When a woman opens the closet and you don’t hear “I have nothing to wear,” there will be a reason for global concern. In the meantime, consumer behavior is all that has changed. The social experience of shopping has lost its appeal for both men and women.

Once the idea of browsing the mall with friends was part of the pleasure of making a purchase. Today, that has been replaced by the ease of sitting on the comfort of our couch and clicking a button to access a universe of merchandise ready to be delivered to our door.

In 2017, the rise of e-commerce prompted the bankruptcy of nine retail chains in America. In contrast, Amazon’s sales in North America quintupled from $16 billion to $80 billion between 2010 and last year. 

What’s behind these changes? It is nothing less than a human transformation.

We, as human beings, are driven by a scale of desires determining what we do and choose at every moment of our lives. This includes desires as basic as food, sex and family, to those related to social status, such as money, honor and education.

How today’s generation measures the importance of fulfilling these desires represents the real impact of the fashion industry. In other words, the evolution of fashion over history is a consequence of the evolution of desires.

What do we ultimately need clothes for? We need clothes to cover ourselves. Traditionally, however, the desire to be respected and valued in society was a major incentive for people to make a statement through their clothing. Take kings and their descendants, for instance, as well as certain professions that still require a specific dress code.

The norm in the past was to distance ourselves from each other according to social status and occupation, and people were ready to keep that standard at any price. But as humanity evolved, the younger generation no longer willingly puppets fashion trends dictated by society, which is bombarded by a multimillion dollar advertising industry. Comfort, affordability and a sense of independence are now in.

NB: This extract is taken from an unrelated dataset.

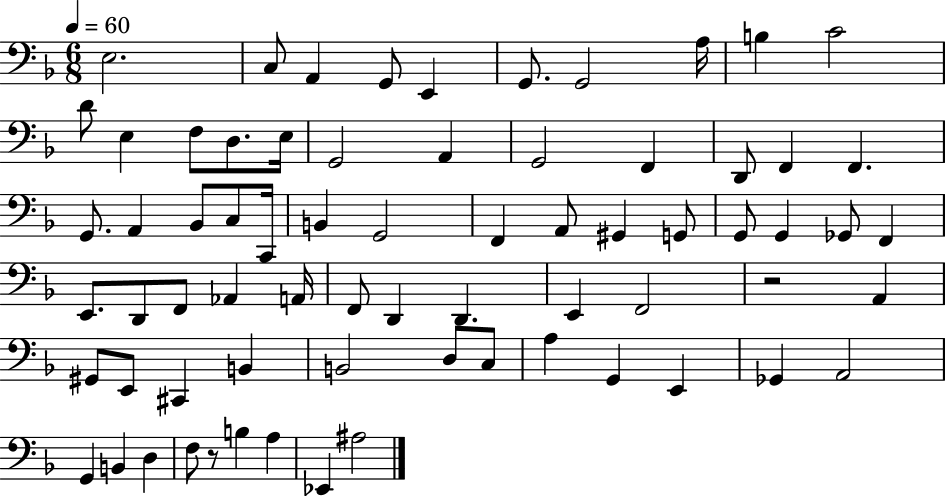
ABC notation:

As displayed by market trends, materialism and luxury brands are less attractive nowadays. Humanity is undergoing a significant transformation. We are becoming more focused on inner qualities and attributes. While most of us are unaware of this inner change and are yet to know where the real fulfillment is, the signs pointing that way are unequivocal.

This shift in the pyramid of desires will only grow in the future to the point where the fashion industry as we know it will vanish. Who we are as human beings will be more important than what we have. People will discontinue basing their happiness on material possessions and what is trendy, and will emphasize human connections. Sooner or later we will realize that what is really out of fashion are the desires and urges that separate us. A tight social fabric of inner connection and solidarity will become the new vogue.